The baseband processor 602 may comprise a TV out block 608, a infrared (IR) block 610, a UART 612, a clock (CLK) 614, a memory interface 616, a power control block 618, a slow clock block 676, a OTP memory block 678, a timers block 680, a I2S block 682, a I2C block 684, an interrupt control block 686. The baseband processor 602 may further comprise a USB on-the-go (OTG) block 674, a AUX ADC block 672, a GPIO block 670, a LCD block 668, a camera block 666, a SDIO block 664, a SIM interface 662, a PCM block 660, a EDGE receiver ADC block 630, a EDGE RF control block 628, a EDGE transmitter DAC block 626, a HSDPA receiver ADC block 624, a WCDMA RF control block 622, a HSDPA transmitter DAC block 620. The baseband processor 602 may comprise a SRAM block 652, an external memory control block 654, a security engine block 656, a CRC generator block 658, a system interconnect 650, a WCDMA/HSDPA modem accelerator 632, a WCDMA/HSDPA modem control block 634, a GSM/GPRS/EDGE stack processor block 636, a DSP subsystem 638, a DMAC block 640, a multimedia subsystem 642, a graphic accelerator 644, a MPEG accelerator 646, and a JPEG accelerator 648.

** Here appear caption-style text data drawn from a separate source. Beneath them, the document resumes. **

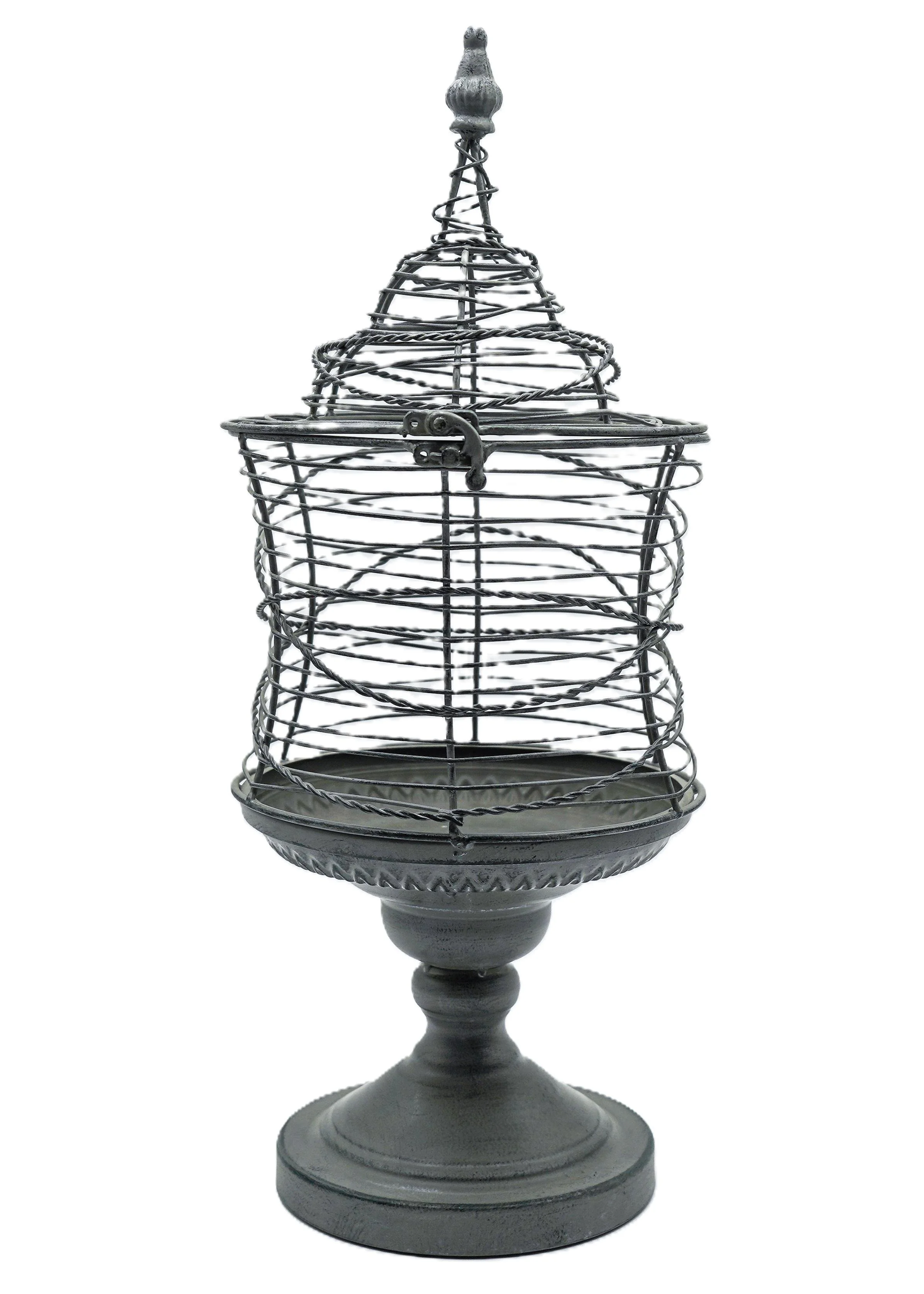 Metal Wire Apothecary Jar With Finial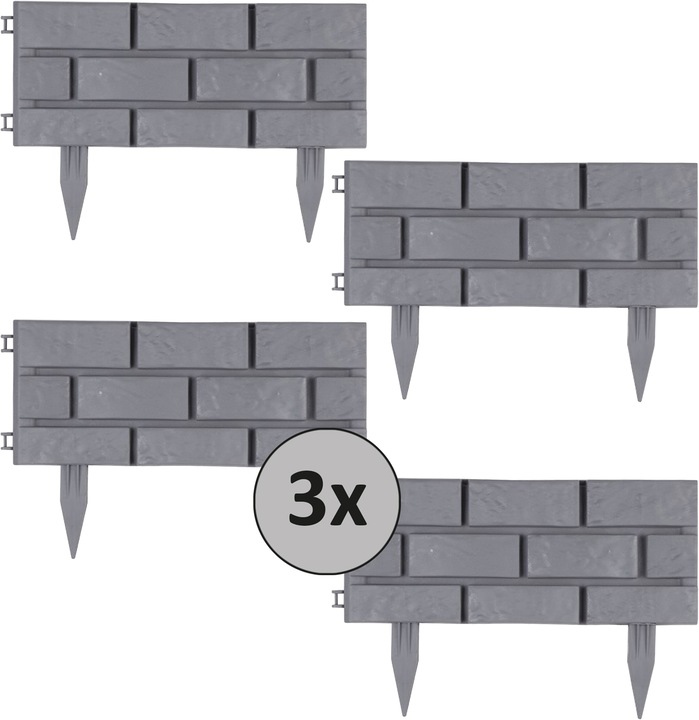Produktbild HTI-Living Beeteinfassung Steinmauer Grau (540 cm)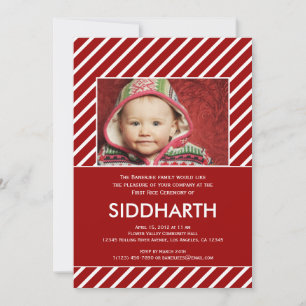 Annaprashan listrado (primeiro arroz) no convite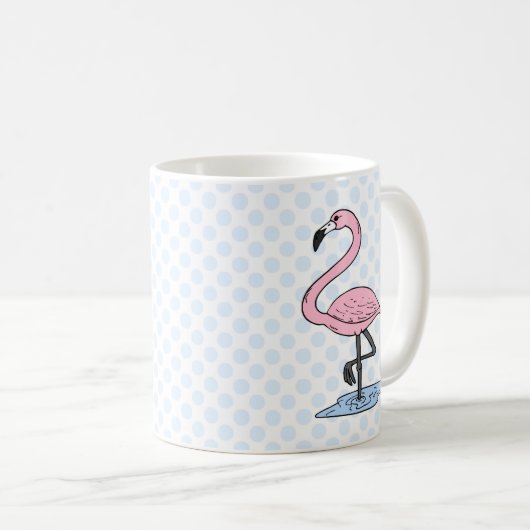 Glauben-Flamingo Kaffeetasse (VorderseiteRechts)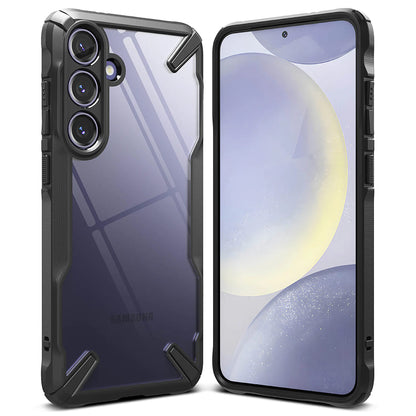 Deksel for Samsung Galaxy S24 S921, Ringke, Fusion X, Svart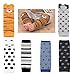 Baby Toddler Cozy Soft Cotton Leg Warmers Boys Girls Kneepads Knee Warmers Pack of 6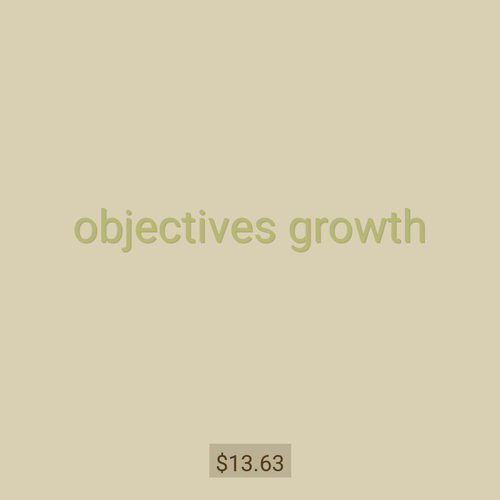 objectives growth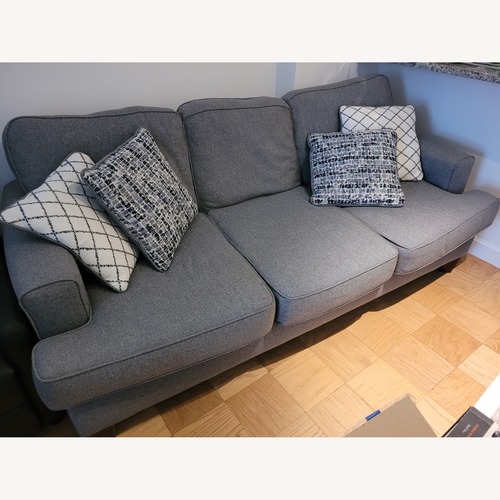 Used Alphie Light Gray Fabric 3+ Seater Sofa for sale on AptDeco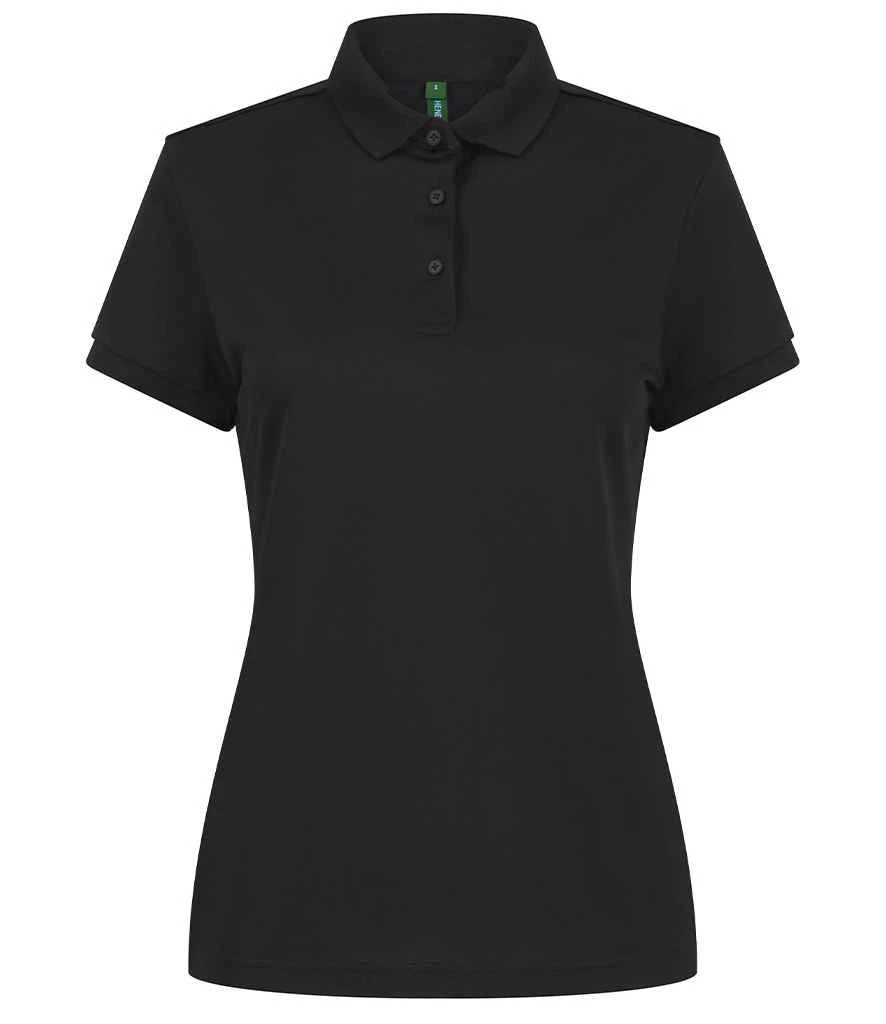 Henbury Ladies Recycled Polyester Polo Shirt 3 Henbury Ladies Recycled Polyester Polo Shirt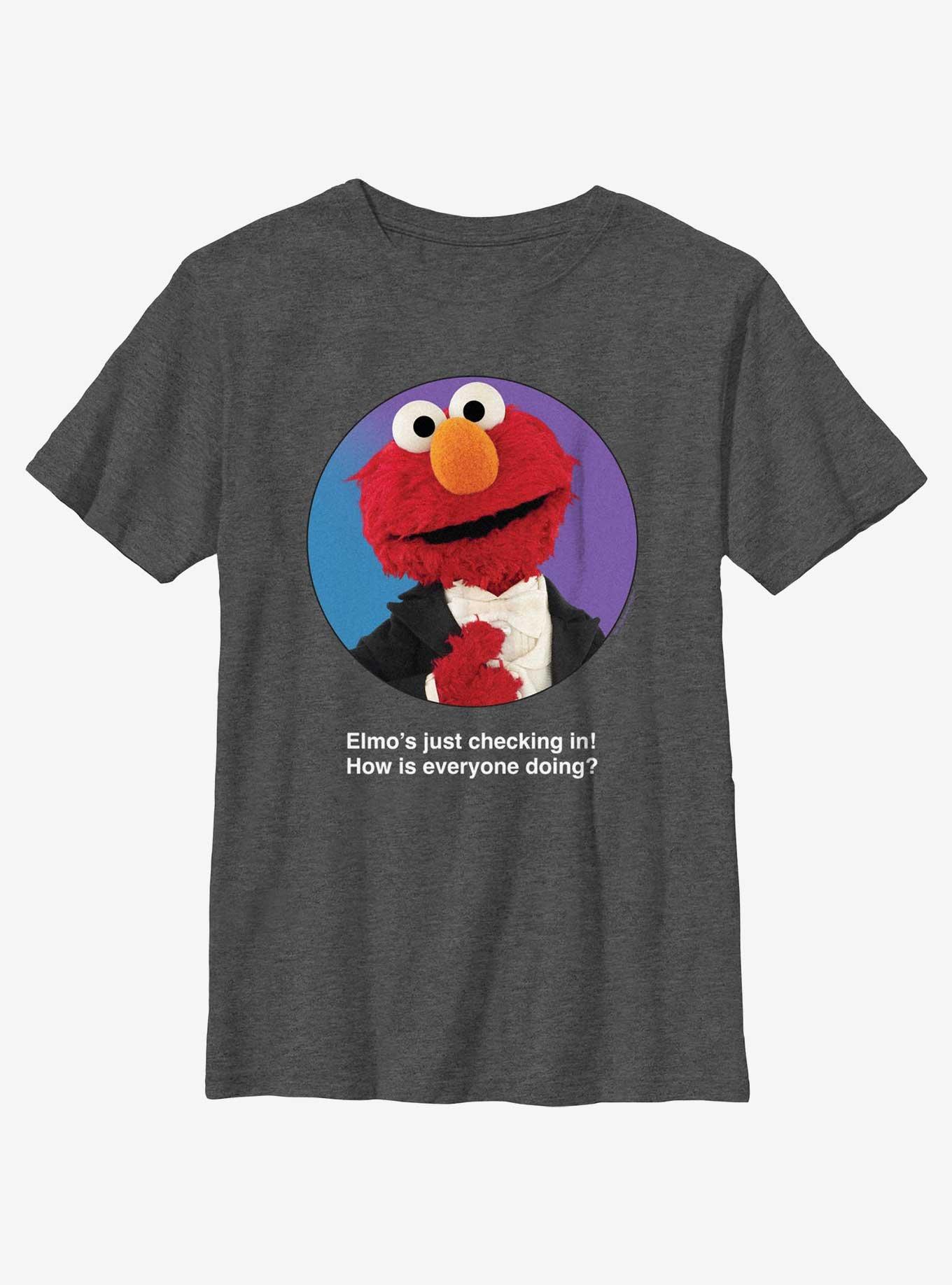 Sesame Street Elmo Tuxedo Checking Youth T-Shirt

The baseband processor 602 may be enabled to interface with a plurality of low speed peripherals via serial interfaces, such as an inter-integrated circuit sound (I²S) 684, and a universal asynchronous receiver/transmitter (UART) interface 612 for Bluetooth or IrDA. The UART 612 may be coupled to the PC debug block 623. The I²S 682 may be coupled to the audio block 688. The audio block 688 may comprise suitable circuitry, logic, and/or code and may enable controlling of a plurality of speakers 690. The memory interface 616 may comprise suitable circuitry, logic, and/or code and may enable controlling the SDRAM block 629 and the NAND 631. The I²C interface 684 may comprise suitable circuitry, logic, and/or code and may enable controlling of image sensors and may be a connected to smart batteries and other peripherals. A plurality of general-purpose I/O (GPIO) pins 670, which may be utilized for user defined I/O or to connect to the internal peripherals, for example, a keypad 609. The SIM interface 662 may comprise suitable logic, circuitry and/or code that may enable handling of GSM, GPRS and/or EDGE signals and may be coupled to the USIM 698.

The slow clock block 676 may comprise suitable logic, circuitry and/or code that may enable timing arbitration between the plurality of low speed peripherals coupled to the peripheral bus 301. The AUXADC block 672 may comprise suitable logic, circuitry and/or code that may enable auxiliary conversion of analog signals to digital signals. The AUXADC block 672 may be coupled to the MIC 613 and the plurality of speakers 611. The timer block 680 and the clock block 614 may comprise suitable logic, circuitry and/or code that may enable handling of the timing of the low speed peripherals coupled to the peripheral bus 301. The clock block may be controlled by the plurality of crystal blocks 625 and 627. The OTP block 678 may comprise suitable logic, circuitry and/or code that may enable authentication and security of data transferred via the peripheral bus 301.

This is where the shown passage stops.